The person I replied to was acting as if Taalas was ancient history. I was pointing out it has only been a few months.
Universities are studying, startups are proposing - the «approach» is under the big headlines level but quite lively. Not just Taalas, not just their way - which remains remarkable in the scene as the HW is achieved, working, online, available... and amazing.
If that were the extent of the terms, then what could we call "baking the weights into silicon"? Setting parts of the circuits to determined values for multiplication is is like printing a Read-Only Memory. (And you compute at it: Compute In Memory.)

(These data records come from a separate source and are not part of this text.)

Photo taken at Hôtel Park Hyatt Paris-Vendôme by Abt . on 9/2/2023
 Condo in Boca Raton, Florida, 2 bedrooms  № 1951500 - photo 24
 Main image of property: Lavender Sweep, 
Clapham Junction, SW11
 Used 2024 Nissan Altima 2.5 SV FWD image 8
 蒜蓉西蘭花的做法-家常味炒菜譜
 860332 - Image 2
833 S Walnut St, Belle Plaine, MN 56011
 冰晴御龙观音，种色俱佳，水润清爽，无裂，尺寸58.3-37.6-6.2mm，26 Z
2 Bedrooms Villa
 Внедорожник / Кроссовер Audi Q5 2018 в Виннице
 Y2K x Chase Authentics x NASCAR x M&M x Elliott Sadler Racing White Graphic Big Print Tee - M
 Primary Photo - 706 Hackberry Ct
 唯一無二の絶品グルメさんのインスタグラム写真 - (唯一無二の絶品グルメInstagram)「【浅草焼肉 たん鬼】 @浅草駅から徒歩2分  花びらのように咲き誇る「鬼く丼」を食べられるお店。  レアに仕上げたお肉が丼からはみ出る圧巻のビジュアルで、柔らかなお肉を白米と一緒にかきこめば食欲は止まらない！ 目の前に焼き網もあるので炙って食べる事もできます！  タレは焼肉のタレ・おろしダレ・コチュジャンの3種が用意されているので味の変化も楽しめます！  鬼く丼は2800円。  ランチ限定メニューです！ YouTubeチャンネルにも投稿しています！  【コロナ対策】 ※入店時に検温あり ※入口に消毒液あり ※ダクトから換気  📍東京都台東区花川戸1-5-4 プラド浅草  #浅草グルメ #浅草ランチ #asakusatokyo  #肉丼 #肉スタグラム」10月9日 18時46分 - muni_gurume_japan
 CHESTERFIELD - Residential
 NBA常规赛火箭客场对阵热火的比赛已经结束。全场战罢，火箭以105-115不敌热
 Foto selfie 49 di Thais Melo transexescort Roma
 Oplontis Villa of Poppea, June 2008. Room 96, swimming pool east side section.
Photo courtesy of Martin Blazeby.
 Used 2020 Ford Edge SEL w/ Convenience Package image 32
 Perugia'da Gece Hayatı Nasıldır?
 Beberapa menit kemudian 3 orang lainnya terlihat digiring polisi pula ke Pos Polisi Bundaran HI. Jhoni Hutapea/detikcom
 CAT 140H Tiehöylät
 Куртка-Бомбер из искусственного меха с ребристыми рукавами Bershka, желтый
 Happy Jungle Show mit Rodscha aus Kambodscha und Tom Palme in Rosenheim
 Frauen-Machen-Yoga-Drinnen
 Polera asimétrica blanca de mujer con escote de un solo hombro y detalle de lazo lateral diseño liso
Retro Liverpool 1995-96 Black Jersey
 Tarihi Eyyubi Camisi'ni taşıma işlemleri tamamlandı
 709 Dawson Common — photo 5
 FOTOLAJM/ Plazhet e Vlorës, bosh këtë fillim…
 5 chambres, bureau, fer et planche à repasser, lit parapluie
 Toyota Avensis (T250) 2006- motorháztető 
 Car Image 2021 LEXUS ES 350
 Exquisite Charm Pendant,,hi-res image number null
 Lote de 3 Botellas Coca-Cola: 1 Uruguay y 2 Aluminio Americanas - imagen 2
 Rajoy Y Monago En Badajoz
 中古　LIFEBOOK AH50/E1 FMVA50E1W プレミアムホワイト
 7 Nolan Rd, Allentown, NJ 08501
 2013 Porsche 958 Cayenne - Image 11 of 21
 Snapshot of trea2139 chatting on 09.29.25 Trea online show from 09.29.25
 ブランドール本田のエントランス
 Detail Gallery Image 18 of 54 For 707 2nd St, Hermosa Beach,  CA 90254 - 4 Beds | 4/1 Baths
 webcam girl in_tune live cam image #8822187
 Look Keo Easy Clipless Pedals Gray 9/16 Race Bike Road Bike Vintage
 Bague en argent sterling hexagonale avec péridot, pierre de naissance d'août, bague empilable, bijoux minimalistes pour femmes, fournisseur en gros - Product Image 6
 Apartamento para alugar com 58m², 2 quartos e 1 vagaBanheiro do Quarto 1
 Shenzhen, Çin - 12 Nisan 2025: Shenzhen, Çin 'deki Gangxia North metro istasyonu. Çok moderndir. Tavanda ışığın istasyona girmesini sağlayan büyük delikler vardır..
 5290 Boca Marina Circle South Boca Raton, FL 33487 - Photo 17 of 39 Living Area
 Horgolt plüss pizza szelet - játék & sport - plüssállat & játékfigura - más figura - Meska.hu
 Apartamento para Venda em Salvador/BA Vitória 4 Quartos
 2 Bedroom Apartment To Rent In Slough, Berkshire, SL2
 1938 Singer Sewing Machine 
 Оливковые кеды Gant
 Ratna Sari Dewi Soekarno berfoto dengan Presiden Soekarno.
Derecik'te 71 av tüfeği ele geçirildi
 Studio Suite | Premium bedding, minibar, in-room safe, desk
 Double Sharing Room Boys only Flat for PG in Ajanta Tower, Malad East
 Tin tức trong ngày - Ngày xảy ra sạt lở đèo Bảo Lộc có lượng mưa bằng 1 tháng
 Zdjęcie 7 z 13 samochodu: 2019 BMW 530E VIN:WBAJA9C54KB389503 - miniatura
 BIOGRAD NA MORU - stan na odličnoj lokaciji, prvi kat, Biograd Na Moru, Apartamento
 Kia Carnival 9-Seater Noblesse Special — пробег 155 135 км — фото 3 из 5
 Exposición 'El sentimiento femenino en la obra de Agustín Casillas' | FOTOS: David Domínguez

> CIM where you still need general purpose ALUs all over the place
If that were so, then why do taxonomists present analogue computing as part of CIM? Ohm's Law does not constitute an "ALU" the way you intend it.
Simply, I used CIM, "Compute In Memory", for lack of a better term - for "store data there where you modify data", for "beyond Von Neumann's separation of data storage and processor".
And I do not get your rant about "analog computing", which has everything to do with NNs (otherwise, well, prove it): they started with that - they are basically that in fact. Analogue computing is a very great temptation since it would solve the issues of inefficiency in digital NNs. Unfortunately, it has drawbacks which are massive for big NNs. Taalas' seems to be the best compromise.